CT-ISG: Provably Scalable and Robust Peer-to-Peer System Baruch Awerbuch Johns Hopkins University
This proposal addresses the following fundamental question: how can one provably learn from the mistakes and successes of others in an extremely adversarial environment?
Informally, imagine that different agents make irreversible decisions, and ``pay'' for their mistakes. It makes a lot of sense for the agents collectively to avoid making the same mistakes multiple times, rather than just individually. Clearly, leveraging trust or shared taste enables a community of users to be more productive, as it allows them to repeat each other's good decisions while avoiding unnecessary repetition of mistakes. In this case, the job of exploring different options can be ``distributed'' among cooperative users. The question is whether it is possible to design an algorithmic tool for learning from the experience of others while minimizing repeating their mistakes. This is certainly possible if all the agents that can cooperate and trust one another, namely consider the same actions to be mistakes, know about each other.

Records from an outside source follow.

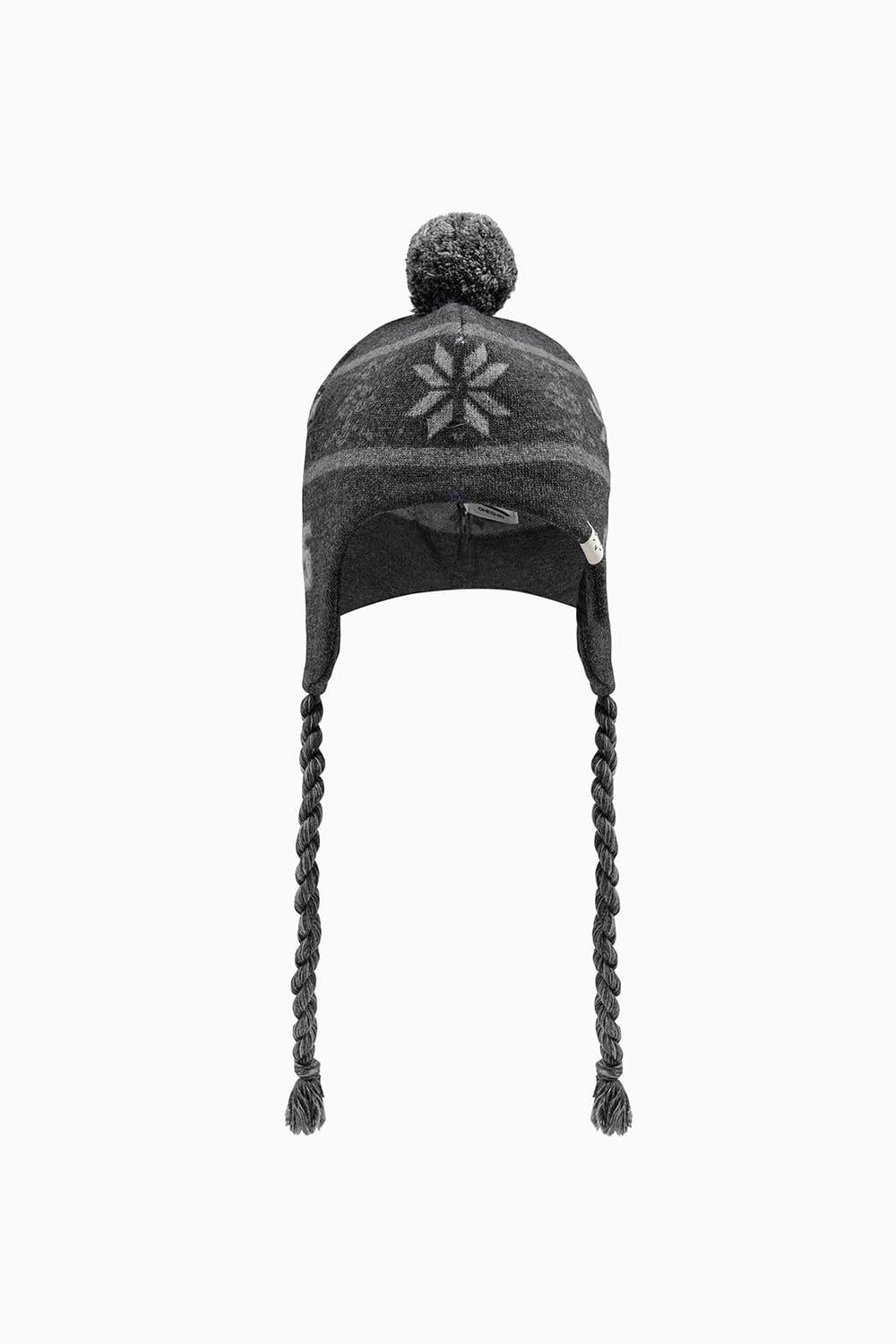 [11/19 예약배송] BELL EARFLAP BEANIE, CHARCOAL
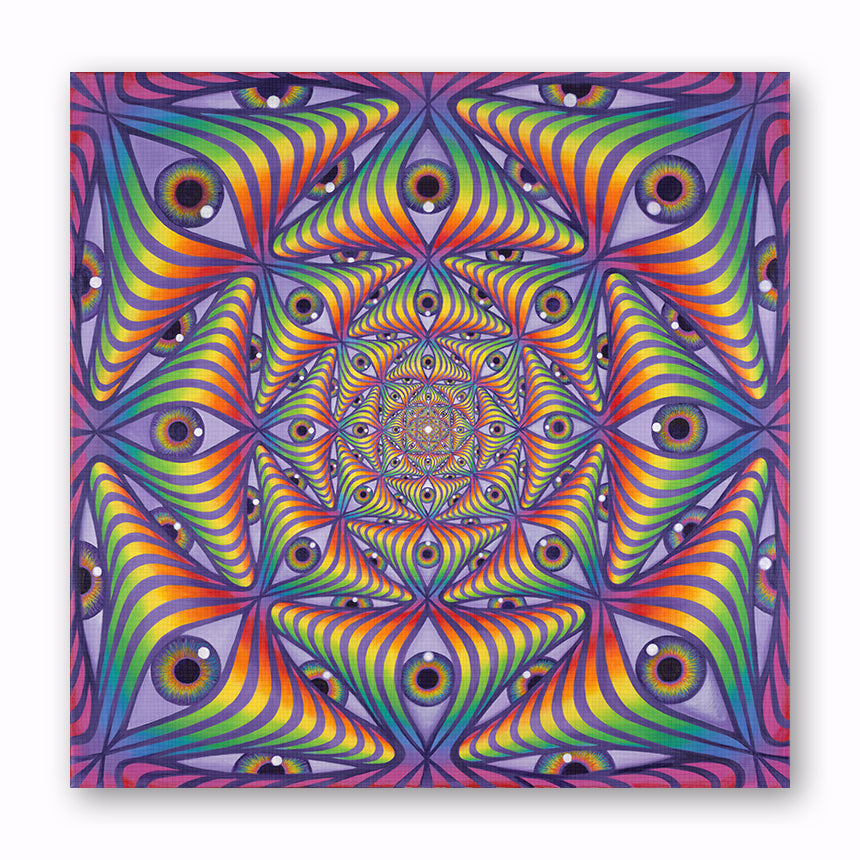 Rainbow Eye Ripple - Canvas Print
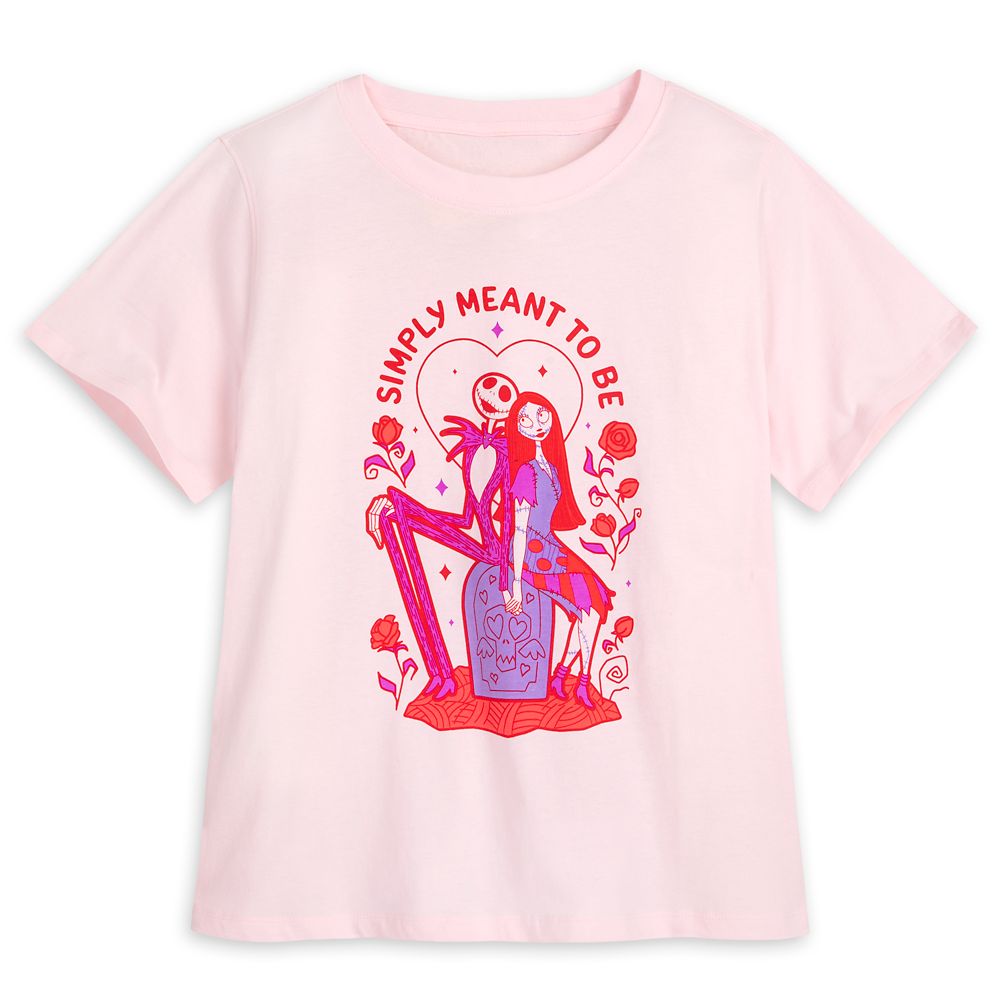 Jack Skellington and Sally Valentine's Day T-Shirt for Women – The Nightmare Before Christmas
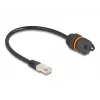 Cabo de rede DeLOCK 88146 RJ45 para RJ45 Cat.6A 0,25 m preto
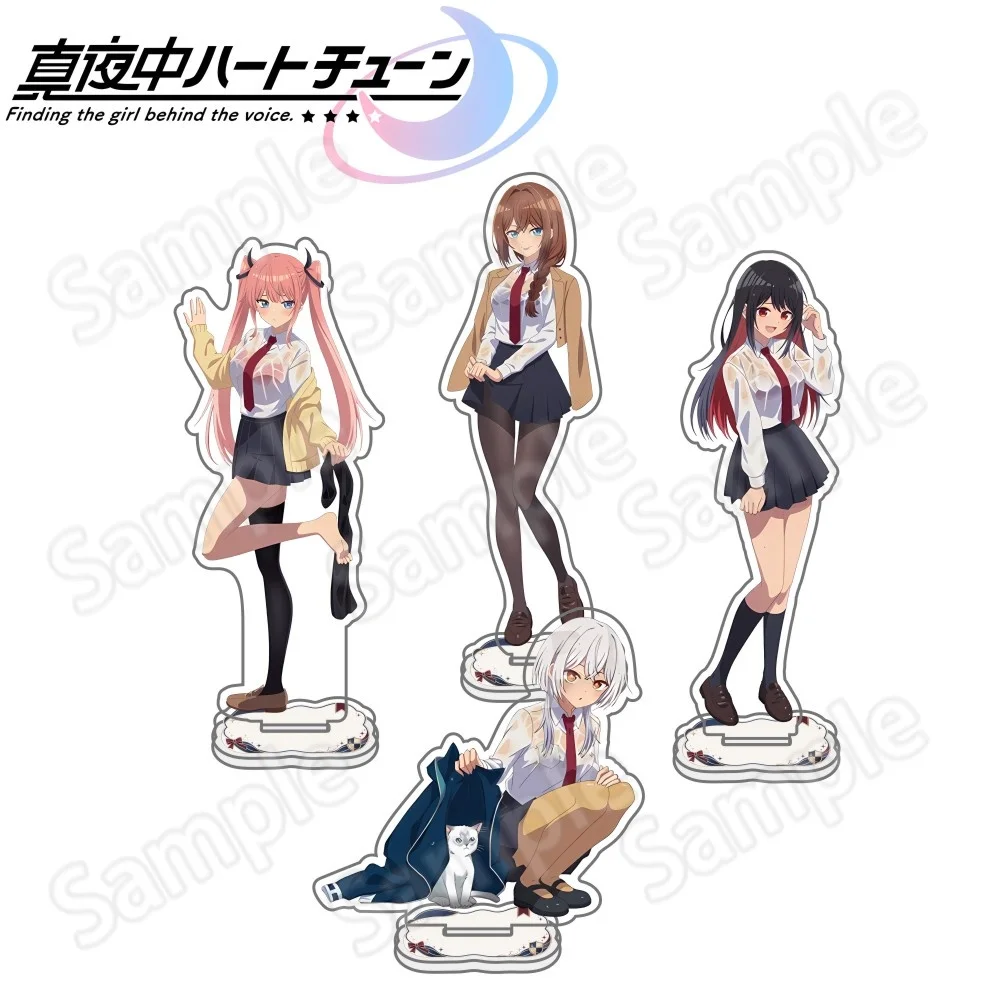Anime Tune In to the Midnight Heart New 15cm Acrylic Stand keychain Rikka Nene Iko Shinobu Lemon Model Figure Cosplay Plate Hold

However, in general, the above assumptions may be problematic, since reliable agents in the system must be able to divide the job of exploring different options, and the cost of mistakes associated with such exploration, among themselves, without knowing in advance whose advice can be trusted. This appears to be ``mission impossible'' if adversaries are in a majority; yet this is exactly what we will accomplish in this research effort. Notice that with adversarial majority, any attempt to use classic tools in distributed computing such as Byzantine agreement is hopeless. The main idea is that we only strive to optimize the overall performance, rather than perfectly reconstruct the preferences or discover the coalitions of honest users. Informally, this can be stated via the notion of ``regret'': one can analyze their decision in hindsight, determine the best dynamic prescient strategy that they wish they had followed, and estimate the performance gap versus this strategy.